NGRAM

Use the NGRAM generation function to help improve candidate selection when your attributes contain similar values, but might vary in spelling or position.

The NGRAM bucket generation function can be used with the supporting bucketing functions of ATTR, BXNM, CXNM, and PXNM.

An NGRAM is a sub-sequence of size N generated from an input sequence. Collectively, NGRAMS are all the sub-sequences of size N that can be generated from the input sequence. This function creates buckets based on the N-grams generated from each data item.

The value, or size, of “N” is user-defined and set as a dvdArg in mpi_dvdybkt. If not specified, the default value of 3 is used. For names, a gram size of 3 or 4 is suggested. For phone numbers, a gram size of 7 is suggested.

An example of NGRAM output is:

N = 3 with the input of “MOHAMMED” results in MOH OHA HAM AMM MME MED

N = 4 with the input of “6345111” results in 6345 3451 4511 5111

Two additional dvdargs, TINYGRAMS and REMOVEVOWELS, are available to further break down the output and enhance bucket results. Multiple dvdargs can be specified by using either a comma (,) or plus (+) as separators.

  • TINYGRAMS

    The TINYGRAMS dvdArg generates grams from tokens with a length less than N. The NGRAMS default dvdArg setting does not use TINYGRAMS and generate buckets only from tokens with the length equal to the size of N. Use the TINYGRAMS option when name tokens exist that are smaller than your choice of N, but might be significant for bucketing purposes and would otherwise be ignored.

    For example, use the name AL AS'AD BEN HANI. Without TINYGRAMS, the output would be:

    ASA ASD BEN HAN ANI

    With TINYGRAMS, the output is:

    AL ASA ASD BEN HAN ANI

    By not using TINYGRAMS, the token ‘AL' would be ignored in bucketing. In many cases, the presence of this token could be significant to the comparison results.

  • REMOVEVOWELS

    This function removes all occurrences of A, E, I, O, and U from medial and final token positions. The default is to keep all vowels. Use this option to increase the chance that similar names differing by their vowels will bucket.

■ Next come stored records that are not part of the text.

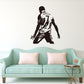 Black football player silhouette wall sticker with “RONALDO 7” emblem on chest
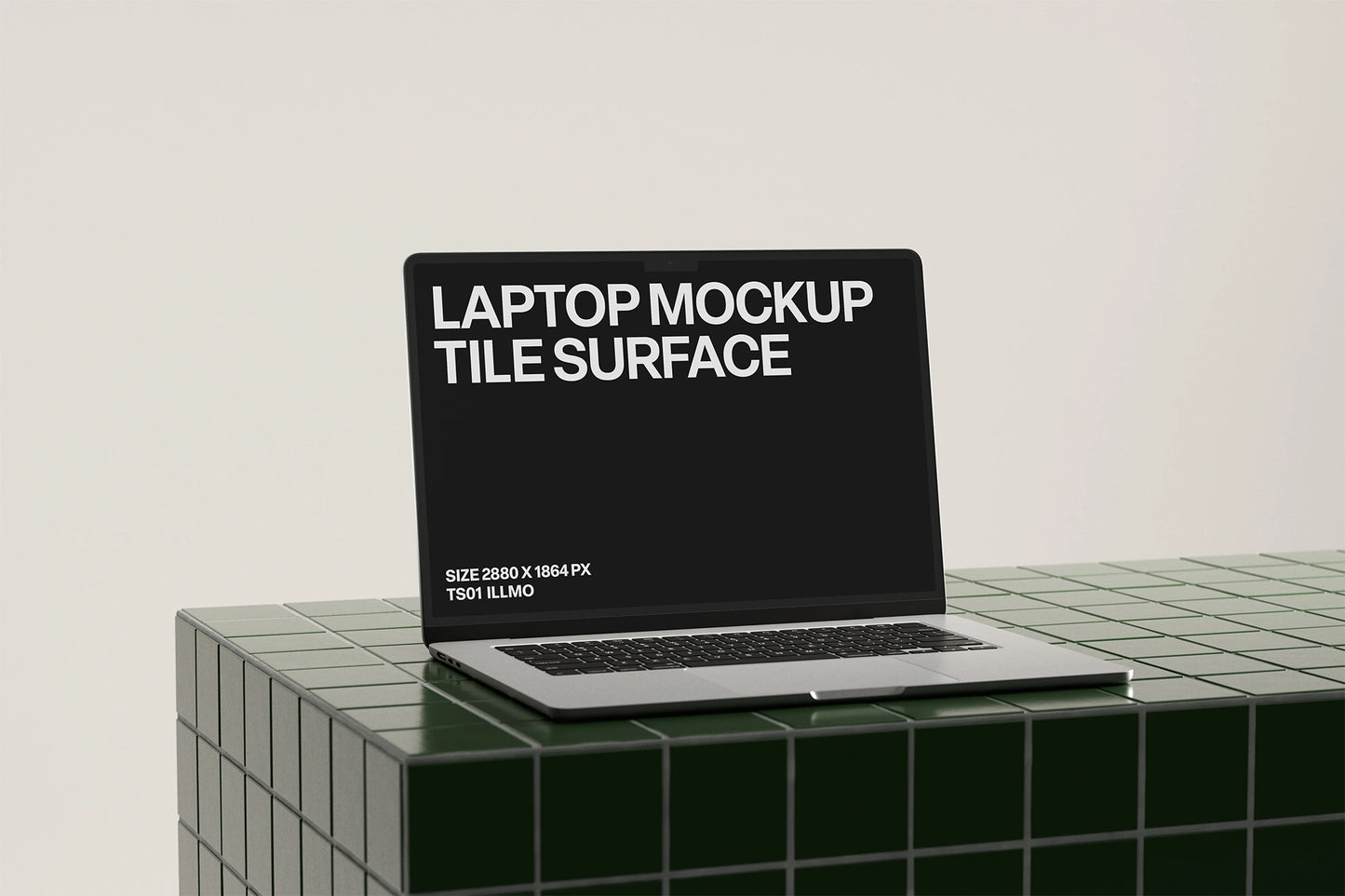 Laptop mockup on a green tile table with a black UI placeholder for web and desktop UI presentation, angled view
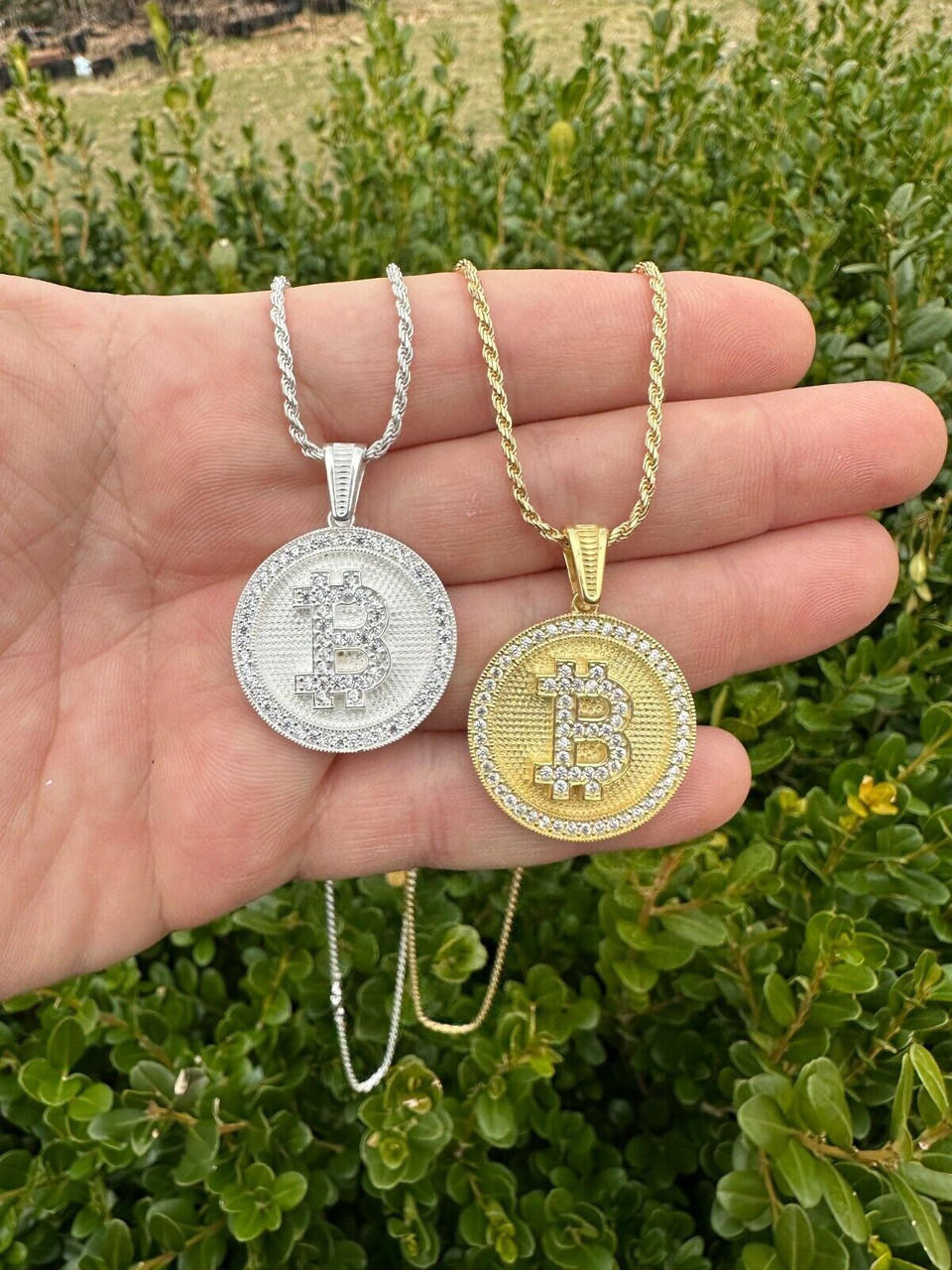 Real 925 Silver 14K Gold Plated Iced Letter B BITCOIN CZ Pendant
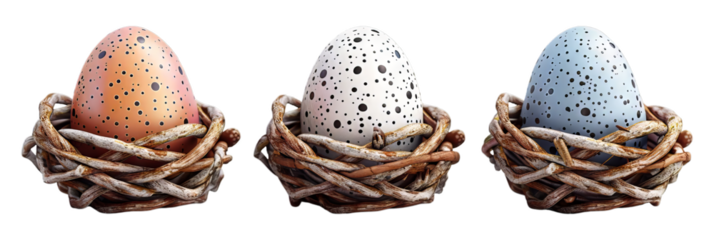 Colorful speckled eggs in woven nests isolated on transparent background. Easter decoration, spring symbol. Greeting card design for Easter holiday and nature theme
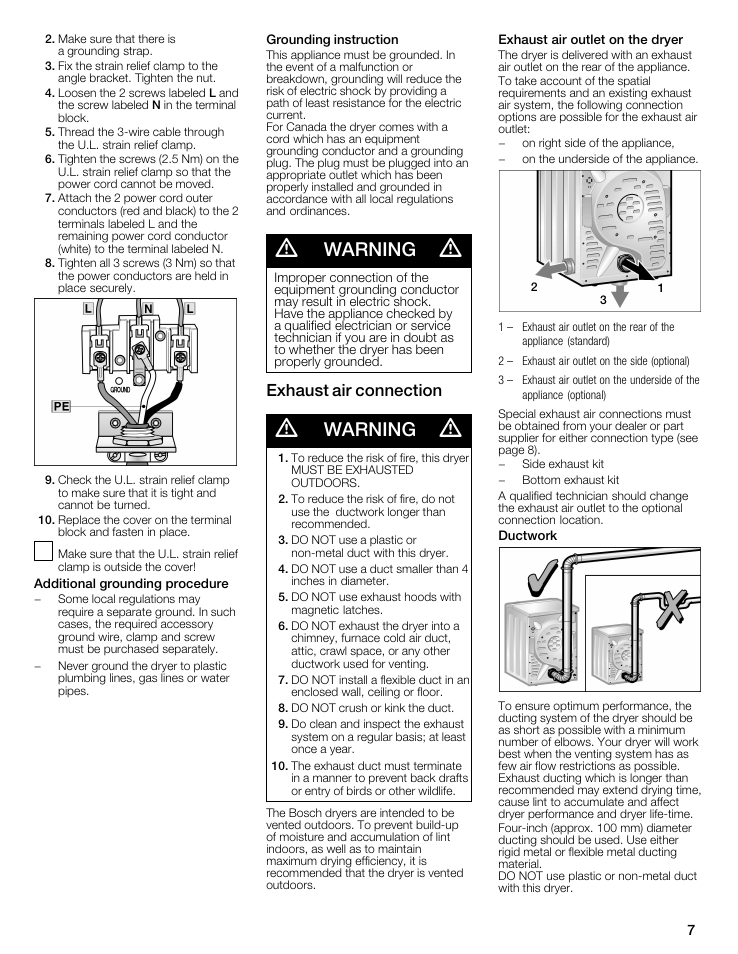 A warning a, Exhaust air connection | Bosch WTMC5321US/CN User Manual | Page 7 / 68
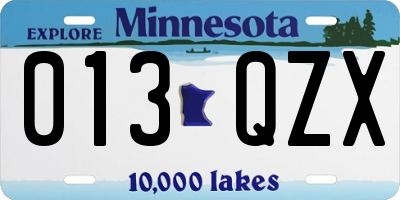 MN license plate 013QZX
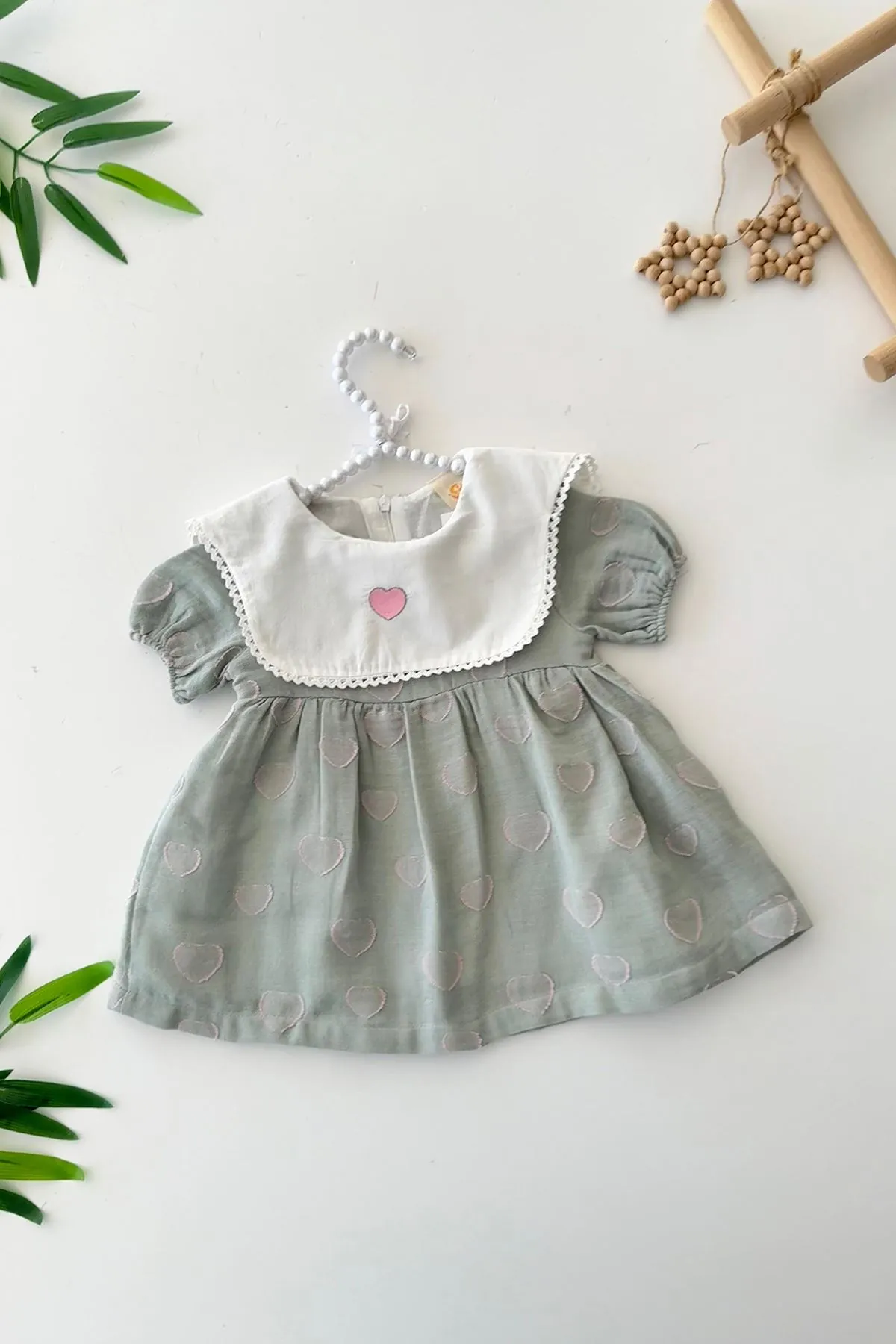 Miniğimin Cicileri Kalp Detaylı Yakalı Kız Bebe Astarlı Elbise - Yeşil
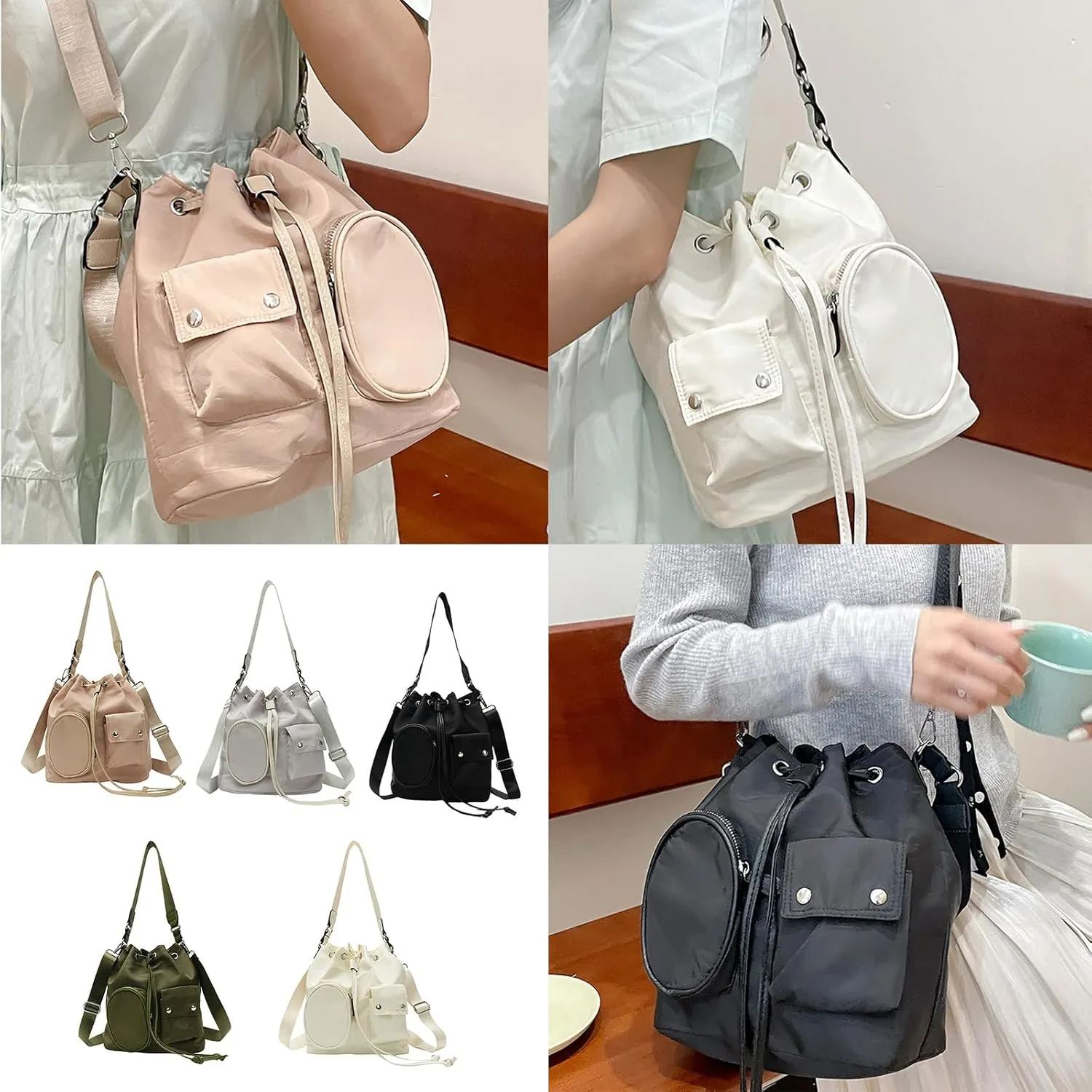 Fashionable Korean Styles Nylon Crossbody Bag with Drawstring for Women Large Capacity Bucket Bag Shoulder Handbag Purse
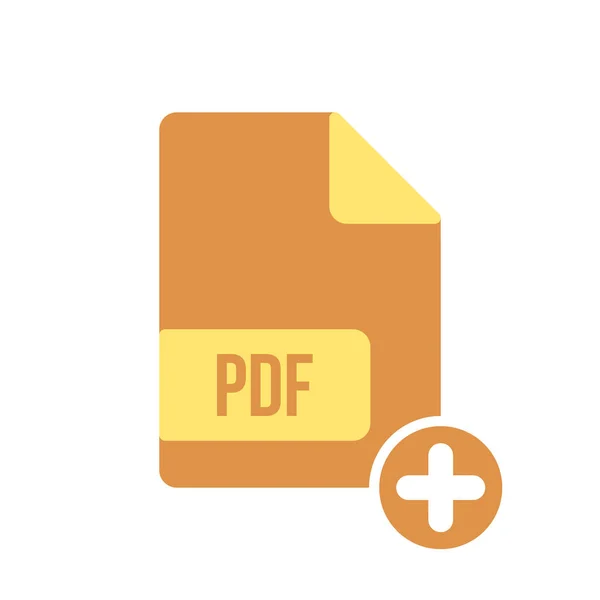 PDF dokument ikona, rozšíření pdf souboru formát přidat znaménko. Ikona dokumentu PDF a nové, plus, pozitivní symbol — Stockový vektor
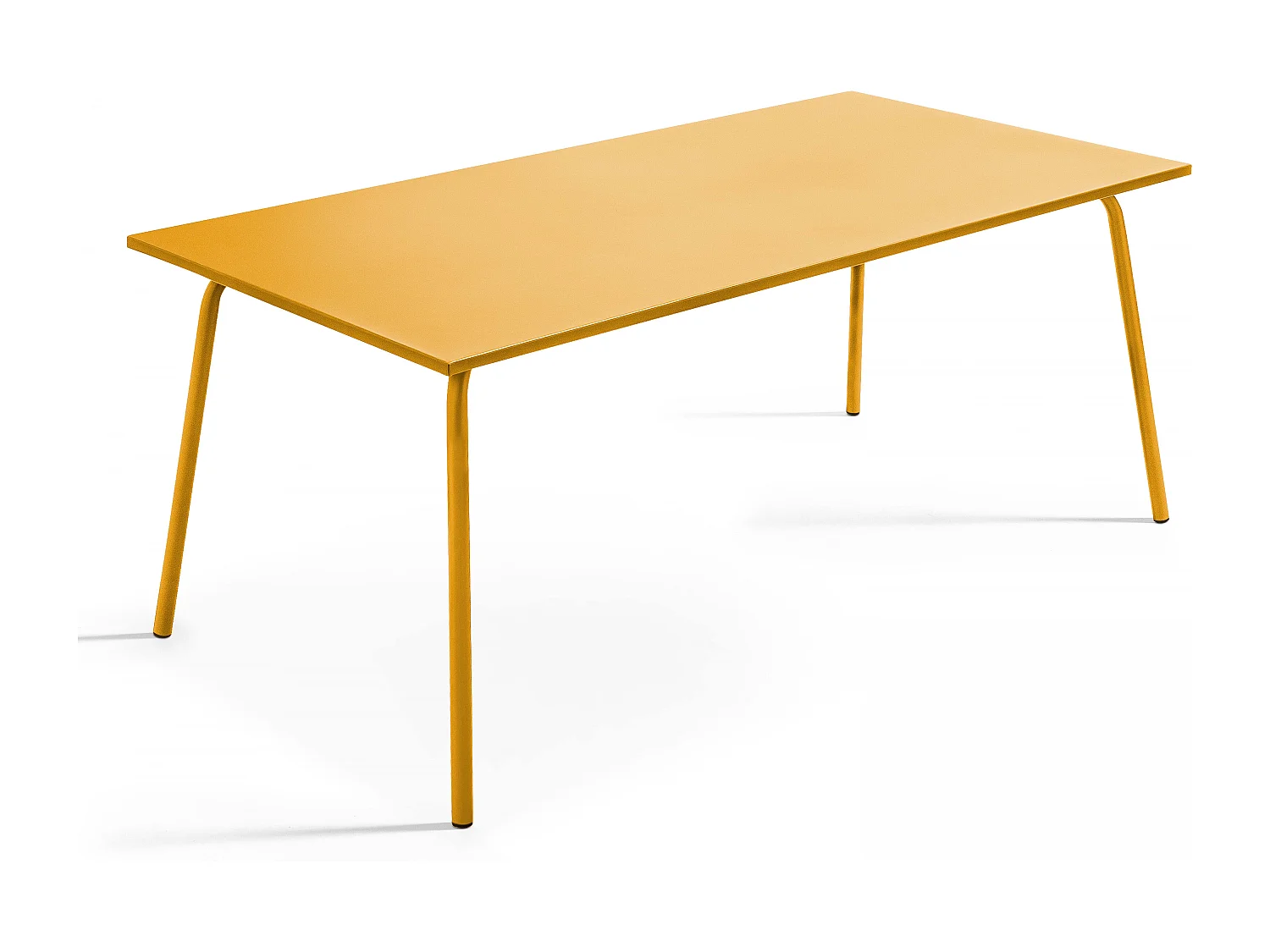 Ensemble table de jardin et 8 fauteuils en métal jaune - Palavas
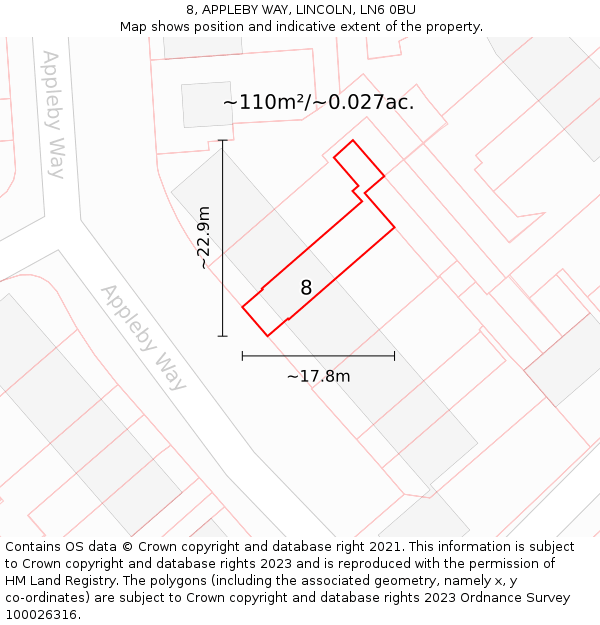 8, APPLEBY WAY, LINCOLN, LN6 0BU: Plot and title map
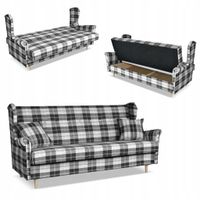 Sofa Uszak FELDA rozkładana fspania Family meble krata granatowo - biała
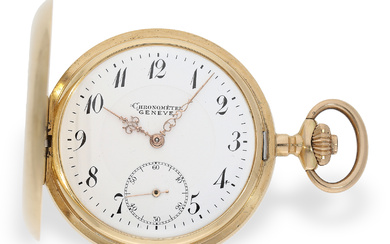Very fine gold hunting case watch with chronometer escapement, "Chronometre Geneve", ca. 1900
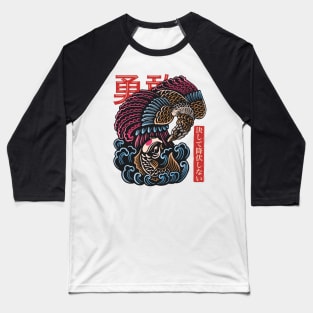 Magical Koi Fish and Bird Full Color Baseball T-Shirt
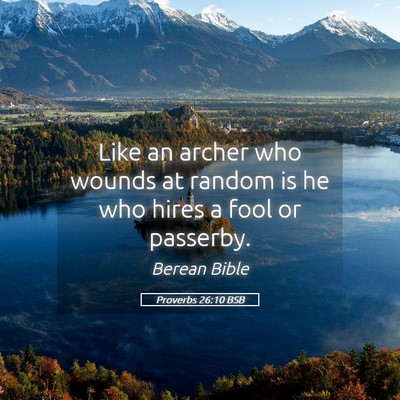 Picture 05 - Proverbs 26:10 BSB - Like an archer who wounds at random is he who - Bible Verse Picture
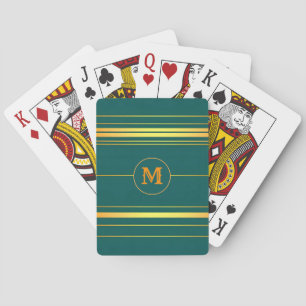 Linen Luxury Modern Green Gold Texture Collection Playing Cards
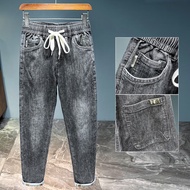 กางเกงยีนส์เอวยางยืดตรงผ้ายืดทรงหลวมฤดูร้อนกางเกงอเนกประสงค์สำหรับผู้ชายกางเกงลำลองกางเกงฮาเร็ม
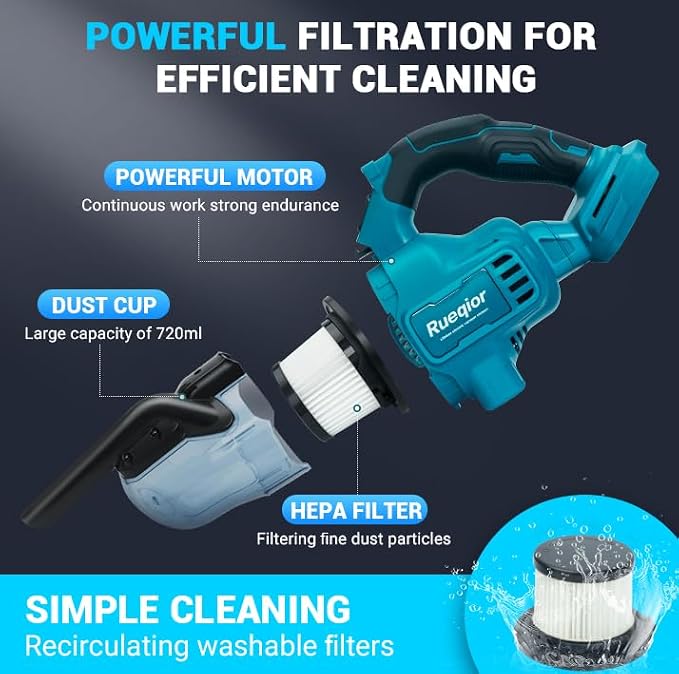 Cordless Vacuum Cleaner for Makita 18V Battery, Handheld Vacuum Cleaner for - Image 3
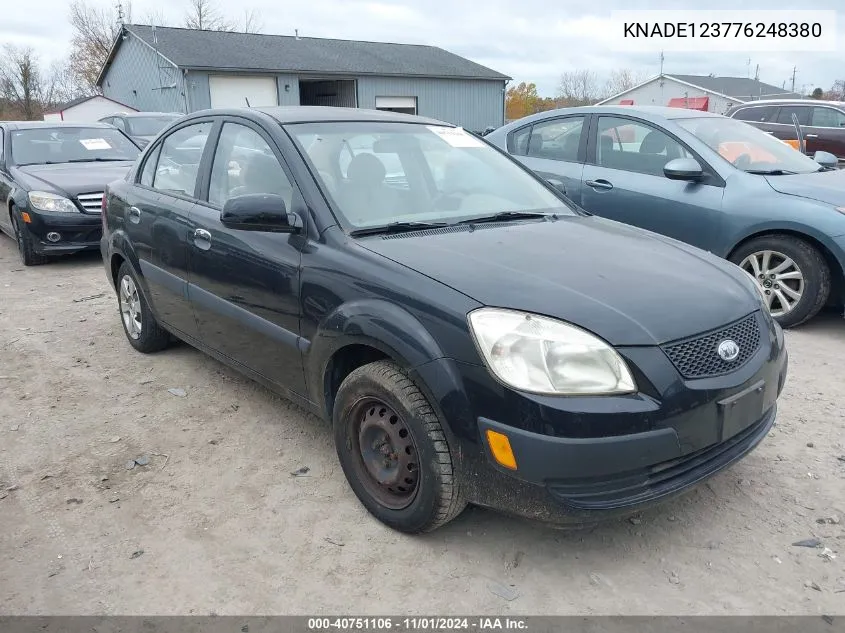 2007 Kia Rio Lx VIN: KNADE123776248380 Lot: 40751106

    For example, use the name MOHAMMAD HASSAN AKHUND. Without REMOVEVOWELS, the output is:

    MOH OHA HAM AMM MMA MAD HAS ASS SSA SAN AKH KHU HUN UND

    With REMOVEVOWELS, the output is:

    MHM HMM MMD HSS SSN AKH KHN HND

The NGRAM function can generate a large number of buckets and should be used with Frequency-Based-Bucketing.